A number of other factors support our conclusion, First, the same result would be reached under the previous version of the statute. The most important definition in the previous version of the statute, 49 U.S.CApp. § 1301(24), for the terms “interstate air transportation” and “foreign air transportation,” refers to the transportation of “property,” just as the current version of the statute does. 49 U.S.C. § 41012(a)(23), (25). Moreover, when Congress passed
Pub.L. No. 103-272, recodifying § 41705, it indicated that it did not want to make any substantive changes to the existing legislation:
Substantive change not made.
— As in other codification bills enacting titles of the United States Code into positive law, this bill makes no substantive change in the law. It is sometimes feared that mere changes in terminology and style will result in changes in substance or impair the precedent [sic] value of earlier judicial decisions and other interpretations. This fear might have some weight if this were the usual kind of amendatory legislation when it can be inferred that a change of language is intended to change substance. In a codification law, however, the courts uphold the contrary presumption: the law is intended to remain substantively unchanged.
H.R.Rep. No. 180, 103d Cong., 1st Sess. (1993),
reprinted in
1994 U.S.C.C.A.N. at 822 (1994). The House Report then went on to cite various authorities that it relied upon for the canon of statutory interpretation applicable to codifications and recodifieations.
See, e.g.,
Finley v.
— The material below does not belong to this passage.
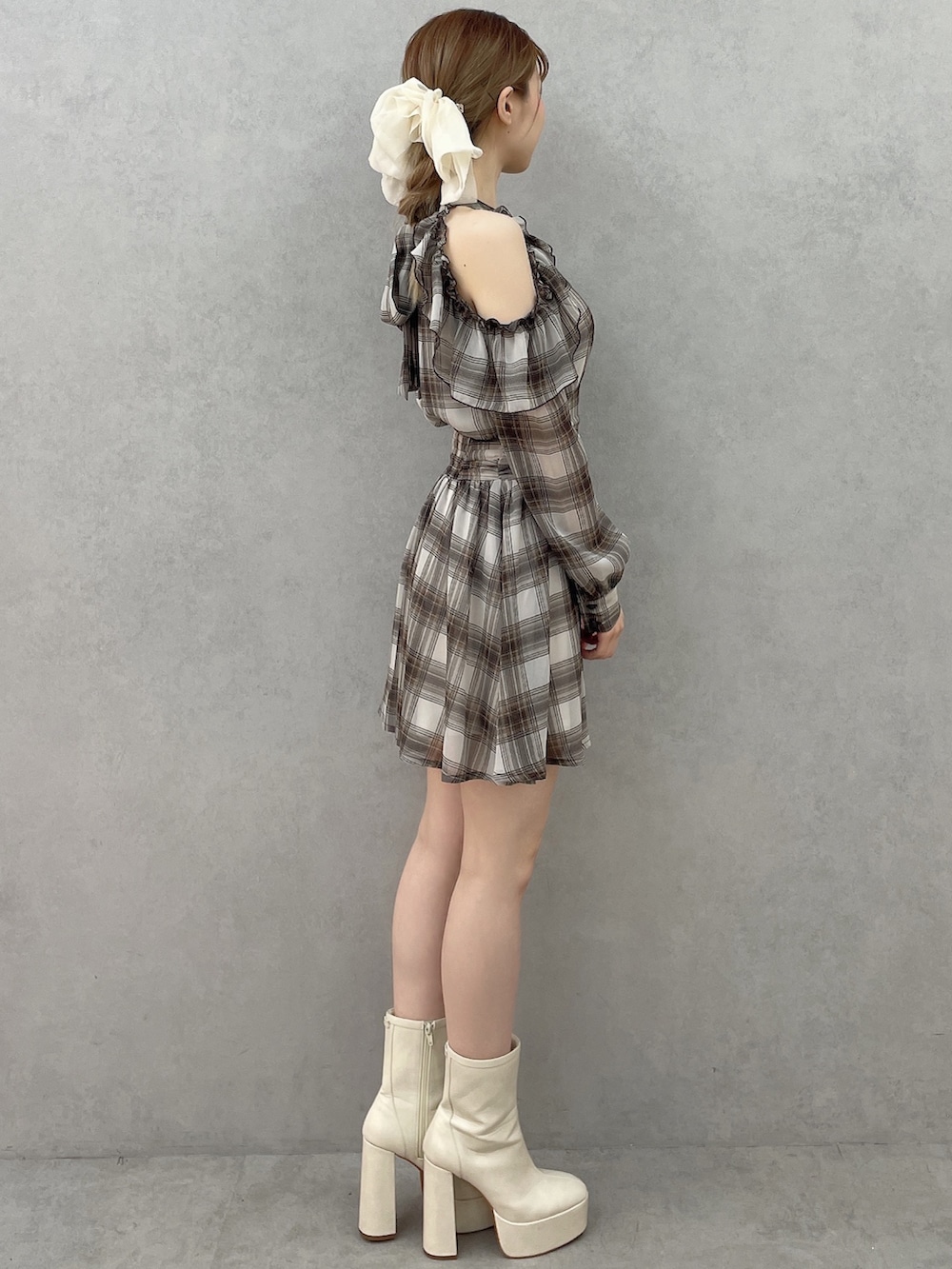 ブラウン系のワンピース、ホワイト系のブーツ、ホワイト系のバレッタ/ヘアクリップを着用したレディースの春コーディネートの4枚目の写真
United States, 490 U.S. 545, 555, 109 S.Ct 2003, 2010, 104 L.Ed.2d 593 (1989) (“no changes in law or policy are to be presumed from changes of language in the revision unless an intent to make such changes is clearly expressed”) (quoting
Fourco Glass v. Transmirra Prods. Corp.,
353 U.S. 222, 227, 77 S.Ct. 787, 790-91, 1 L.Ed.2d 786 (1957));
United States v. Ryder,
110 U.S. 729, 740, 4 S.Ct. 196, 201, 28 L.Ed. 308 (1884) (“It will not be inferred that the legislature, in revising and consolidating the laws, intended to change their policy, unless such intention be clearly expressed.”). The Sixth Circuit has followed this rule in at least two cases.
See, e.g., United States v. Lanier,
73 F.3d 1380, 1387 (6th Cir.1996) (en banc),
cert. granted,
- U.S. -, 116 S.Ct. 2522, 135 L.Ed.2d 1047 (1996);
Ohio Bank & Savings v. Tri-County Nat’l Bank,
22 Ohio Misc. 270, 411 F.2d 801, 803-04 (6th Cir.1969) (applying canon to a state law).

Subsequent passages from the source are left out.